Mas sem dúvida era uma série mágica, por todos os motivos que pudermos enumerar e mais alguns. Tão arrasadora que conseguiu, de forma quase sobrenatural, fazer com que a Globo exibisse a abertura original desde o dia da estréia, prática que a emissora já havia abandonado uns 15 anos antes.
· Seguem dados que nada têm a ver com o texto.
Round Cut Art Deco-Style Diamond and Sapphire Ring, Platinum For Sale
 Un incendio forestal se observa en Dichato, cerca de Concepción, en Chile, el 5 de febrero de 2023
Só quando a série já estava em sua terceira temporada foi que eles voltaram com aquele maldito “Rede Globo apresenta”. A queda na qualidade dos roteiros decretou o fim do seriado que sem dúvida alguma teve a melhor dublagem já realizada no Brasil, chegando ao absurdo de superar as vozes originais, principalmente o trabalho de gênio realizado por Mariza Leal para o Baby.
Jim Henson disse certa vez: “Quando eu era jovem minha ambição era ser uma daquelas pessoas que fazem diferença no mundo. Minha esperança ainda hoje é que eu possa deixar este mundo um pouco melhor do que era pelo fato de eu ter estado aqui”. As centenas de pessoas que trabalham nas empresas Henson são a prova viva e irrefutável de que ele conseguiu o que queria. Todos trabalham em nome do sonho de Jim Henson de fazer a televisão, o cinema, os mercados gráfico e fonográfico cada vez melhores. A partida súbita de Henson deste mundo nos chocou e o mistério envolvendo sua doença não provocou os boatos que eram de se esperar. Talvez tenhamos percebido que não faz diferença. Deus achou que estava na hora e chamou seu anjo de volta. Ele agora deve estar lá, observando o belo mundo que ajudou a construir.
Ricky Nobre, que soletrava aos três anos de idade e tinha um senso de humor que encantava todos os adultos à sua volta, agradece ao seu anjo de todo o coração.